### EXERCISE REQUIREMENTS
Type again, exactly, the lines below from the start through the line that includes "Odsprzedaż - Bungalow".

--------------------

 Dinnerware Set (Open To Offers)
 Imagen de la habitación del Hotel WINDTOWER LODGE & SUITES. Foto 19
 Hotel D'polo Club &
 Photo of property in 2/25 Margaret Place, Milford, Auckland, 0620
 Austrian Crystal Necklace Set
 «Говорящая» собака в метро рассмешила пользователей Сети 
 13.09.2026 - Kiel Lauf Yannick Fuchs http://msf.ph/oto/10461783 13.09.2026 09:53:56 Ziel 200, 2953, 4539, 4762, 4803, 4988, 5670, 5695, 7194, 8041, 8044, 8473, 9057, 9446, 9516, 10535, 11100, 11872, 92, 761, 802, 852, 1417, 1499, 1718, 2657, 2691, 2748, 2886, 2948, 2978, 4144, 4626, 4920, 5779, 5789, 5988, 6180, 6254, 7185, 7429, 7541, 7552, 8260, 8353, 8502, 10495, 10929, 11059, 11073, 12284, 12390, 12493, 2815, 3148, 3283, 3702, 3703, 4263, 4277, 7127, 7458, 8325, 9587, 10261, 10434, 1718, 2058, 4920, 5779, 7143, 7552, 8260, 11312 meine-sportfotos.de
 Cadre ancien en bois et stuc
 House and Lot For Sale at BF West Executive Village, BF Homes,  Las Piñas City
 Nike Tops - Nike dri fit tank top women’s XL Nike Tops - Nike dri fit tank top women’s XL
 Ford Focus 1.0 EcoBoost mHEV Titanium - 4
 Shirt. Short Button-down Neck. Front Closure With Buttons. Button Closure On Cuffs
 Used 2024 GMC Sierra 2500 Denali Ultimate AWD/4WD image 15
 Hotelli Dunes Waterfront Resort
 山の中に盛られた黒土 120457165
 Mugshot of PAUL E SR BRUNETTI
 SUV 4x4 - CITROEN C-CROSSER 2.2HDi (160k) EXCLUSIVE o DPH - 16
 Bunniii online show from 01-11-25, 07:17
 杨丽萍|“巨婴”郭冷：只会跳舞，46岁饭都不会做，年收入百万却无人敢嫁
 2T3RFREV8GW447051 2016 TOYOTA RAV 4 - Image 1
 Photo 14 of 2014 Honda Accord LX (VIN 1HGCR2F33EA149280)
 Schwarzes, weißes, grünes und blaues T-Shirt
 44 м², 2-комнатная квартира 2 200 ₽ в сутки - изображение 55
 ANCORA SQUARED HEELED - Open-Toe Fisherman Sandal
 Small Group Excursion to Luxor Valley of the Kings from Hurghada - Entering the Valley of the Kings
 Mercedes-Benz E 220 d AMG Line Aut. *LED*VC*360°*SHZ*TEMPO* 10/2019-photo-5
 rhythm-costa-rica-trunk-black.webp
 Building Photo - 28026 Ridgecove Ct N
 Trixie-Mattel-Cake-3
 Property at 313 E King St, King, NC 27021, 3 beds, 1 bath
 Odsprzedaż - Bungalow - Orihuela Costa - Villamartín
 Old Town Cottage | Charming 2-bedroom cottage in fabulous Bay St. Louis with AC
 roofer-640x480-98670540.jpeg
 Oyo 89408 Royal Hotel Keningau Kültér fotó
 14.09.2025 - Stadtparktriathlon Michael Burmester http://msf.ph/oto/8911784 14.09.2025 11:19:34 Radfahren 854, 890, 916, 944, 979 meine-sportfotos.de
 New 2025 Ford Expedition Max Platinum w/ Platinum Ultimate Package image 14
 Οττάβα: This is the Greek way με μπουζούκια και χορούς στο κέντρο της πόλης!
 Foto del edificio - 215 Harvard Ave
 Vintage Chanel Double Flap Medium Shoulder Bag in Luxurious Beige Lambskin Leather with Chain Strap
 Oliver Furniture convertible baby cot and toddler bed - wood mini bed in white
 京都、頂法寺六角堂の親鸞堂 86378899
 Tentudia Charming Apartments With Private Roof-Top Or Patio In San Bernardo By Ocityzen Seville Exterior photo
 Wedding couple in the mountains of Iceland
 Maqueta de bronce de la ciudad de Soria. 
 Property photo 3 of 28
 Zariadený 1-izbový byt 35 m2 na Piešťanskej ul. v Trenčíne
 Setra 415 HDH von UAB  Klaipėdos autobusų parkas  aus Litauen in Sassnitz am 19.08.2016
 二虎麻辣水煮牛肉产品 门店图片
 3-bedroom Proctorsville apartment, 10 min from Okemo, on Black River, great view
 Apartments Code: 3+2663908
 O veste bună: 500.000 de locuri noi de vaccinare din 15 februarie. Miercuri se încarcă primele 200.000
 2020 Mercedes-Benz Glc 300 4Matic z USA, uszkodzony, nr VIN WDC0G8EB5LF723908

--------------------

### SOLUTION BELOW
 Dinnerware Set (Open To Offers)
 Imagen de la habitación del Hotel WINDTOWER LODGE & SUITES. Foto 19
 Hotel D'polo Club &
 Photo of property in 2/25 Margaret Place, Milford, Auckland, 0620
 Austrian Crystal Necklace Set
 «Говорящая» собака в метро рассмешила пользователей Сети 
 13.09.2026 - Kiel Lauf Yannick Fuchs http://msf.ph/oto/10461783 13.09.2026 09:53:56 Ziel 200, 2953, 4539, 4762, 4803, 4988, 5670, 5695, 7194, 8041, 8044, 8473, 9057, 9446, 9516, 10535, 11100, 11872, 92, 761, 802, 852, 1417, 1499, 1718, 2657, 2691, 2748, 2886, 2948, 2978, 4144, 4626, 4920, 5779, 5789, 5988, 6180, 6254, 7185, 7429, 7541, 7552, 8260, 8353, 8502, 10495, 10929, 11059, 11073, 12284, 12390, 12493, 2815, 3148, 3283, 3702, 3703, 4263, 4277, 7127, 7458, 8325, 9587, 10261, 10434, 1718, 2058, 4920, 5779, 7143, 7552, 8260, 11312 meine-sportfotos.de
 Cadre ancien en bois et stuc
 House and Lot For Sale at BF West Executive Village, BF Homes,  Las Piñas City
 Nike Tops - Nike dri fit tank top women’s XL Nike Tops - Nike dri fit tank top women’s XL
 Ford Focus 1.0 EcoBoost mHEV Titanium - 4
 Shirt. Short Button-down Neck. Front Closure With Buttons. Button Closure On Cuffs
 Used 2024 GMC Sierra 2500 Denali Ultimate AWD/4WD image 15
 Hotelli Dunes Waterfront Resort
 山の中に盛られた黒土 120457165
 Mugshot of PAUL E SR BRUNETTI
 SUV 4x4 - CITROEN C-CROSSER 2.2HDi (160k) EXCLUSIVE o DPH - 16
 Bunniii online show from 01-11-25, 07:17
 杨丽萍|“巨婴”郭冷：只会跳舞，46岁饭都不会做，年收入百万却无人敢嫁
 2T3RFREV8GW447051 2016 TOYOTA RAV 4 - Image 1
 Photo 14 of 2014 Honda Accord LX (VIN 1HGCR2F33EA149280)
 Schwarzes, weißes, grünes und blaues T-Shirt
 44 м², 2-комнатная квартира 2 200 ₽ в сутки - изображение 55
 ANCORA SQUARED HEELED - Open-Toe Fisherman Sandal
 Small Group Excursion to Luxor Valley of the Kings from Hurghada - Entering the Valley of the Kings
 Mercedes-Benz E 220 d AMG Line Aut. *LED*VC*360°*SHZ*TEMPO* 10/2019-photo-5
 rhythm-costa-rica-trunk-black.webp
 Building Photo - 28026 Ridgecove Ct N
 Trixie-Mattel-Cake-3
 Property at 313 E King St, King, NC 27021, 3 beds, 1 bath
 Odsprzedaż - Bungalow - Orihuela Costa - Villamartín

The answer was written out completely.